Finding Lisp

Wednesday, March 02, 2005

Darcs and Arch revisited

A few weeks ago, I blogged a bit about the darcs revision control system. I have been using darcs for the past few weeks and have some feedback here. Overall, I like darcs a lot. It's a simple system that seems to work well.

When I say that darcs is simple, I really mean it. The darcs model is downright trivial. The whole concept of a repository as you might have imagined it with CVS, SVN, or even with Arch is completely gone. Rather than have a special, hallowed place where all your revisions get stored, any directory can be made into a repository simply by running darcs initialize in the root. That command creates a _darcs directory in the root of the file tree and initializes some other files and directories under it. Thereafter, you simply darcs add <files...> to put files under revision control. Your working directory is the repository. While this might seem strange or even unsafe, it's really no more unsafe than any other format and far more flexible. When you make a change to a file, simply execute darcs record to add a patch containing the changes to the repository. A patch is a complete changeset that may include changes to multiple files in the tree, file moves, renames, etc. The patch gets committed as an atomic unit.

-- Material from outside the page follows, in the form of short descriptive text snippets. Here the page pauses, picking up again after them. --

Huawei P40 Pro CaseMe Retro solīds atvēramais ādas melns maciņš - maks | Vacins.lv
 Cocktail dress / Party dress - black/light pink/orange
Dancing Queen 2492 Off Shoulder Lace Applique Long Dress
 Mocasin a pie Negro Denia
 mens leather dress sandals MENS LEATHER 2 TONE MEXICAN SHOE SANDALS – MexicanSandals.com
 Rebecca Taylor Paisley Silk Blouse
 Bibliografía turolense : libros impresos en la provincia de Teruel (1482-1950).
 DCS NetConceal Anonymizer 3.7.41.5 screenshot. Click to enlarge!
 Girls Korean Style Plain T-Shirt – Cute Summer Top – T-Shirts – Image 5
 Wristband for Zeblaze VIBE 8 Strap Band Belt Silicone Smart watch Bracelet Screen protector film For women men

The upshot of this model is that it's easy to have multiple repositories in your home directory, each for a separate project or module that you might be working on. Moving a repository around is as simple as copying a directory structure from here to there with the standard file copy commands. This means that repositories can be backed up just like any other directory hierarchy and moved around with other protocols like HTTP or FTP.

One nice thing about darcs is that branches are trivial to create. Say you have a project named foo stored in a foo repository directory in your home filesystem. Now say that you have to fix 10 bugs for a particular customer ("Customer X," for instance, the rush patch release, custom for them; you know the drill). You have one of two choices. If this was just a simple single-bug fix, you might just edit the working files in the foo repository and then do a darcs record to commit the changes. In this case, however, you have multiple bugs to fix and you want to test them all individually before you commit them into the mainline, so you're better off creating a branch in which to do the work.

To create the branch, simply execute darcs get /home/user/foo /home/user/foo-customer-x and you now have another repository that has branched from the first. Make all your changes in the /home/user/foo-customer-x directory. When you are done fixing each bug, execute a darcs record in the /home/user/foo-customer-x directory. This will create a patch in foo-customer-x. After you get all the various bugs fixed, you can release a build from that branch for Customer X. Additionally, you can push one or more of the fixes to /home/user/foo using darcs push. This moves the fixes into the mainline. After you're done with /home/user/foo-customer-x and all patches from it have been pushed to the main repository, you can simply delete it.

Patches can also be pulled from remote repositories into a local repository. This is useful if you're working on a private branch and another developer creates a patch that you need in your local repository. Simply darcs pull the appropriate patches from the other developer's repository and you're done.

This branch and push/pull behavior makes it very easy to do distributed development. If you want to take your laptop on a plane, that's great. Simply use darcs get to create a local branch on your laptop. Make all changes in that directory (or branch from that local copy for complex local changes). When you return, use darcs push or darcs pull to synchronize changes bidirectionally with other developers or any centralized repository. Note again that there is nothing special about a centralized repository versus any of the developer branches. They're all just the same as far as darcs is concerned.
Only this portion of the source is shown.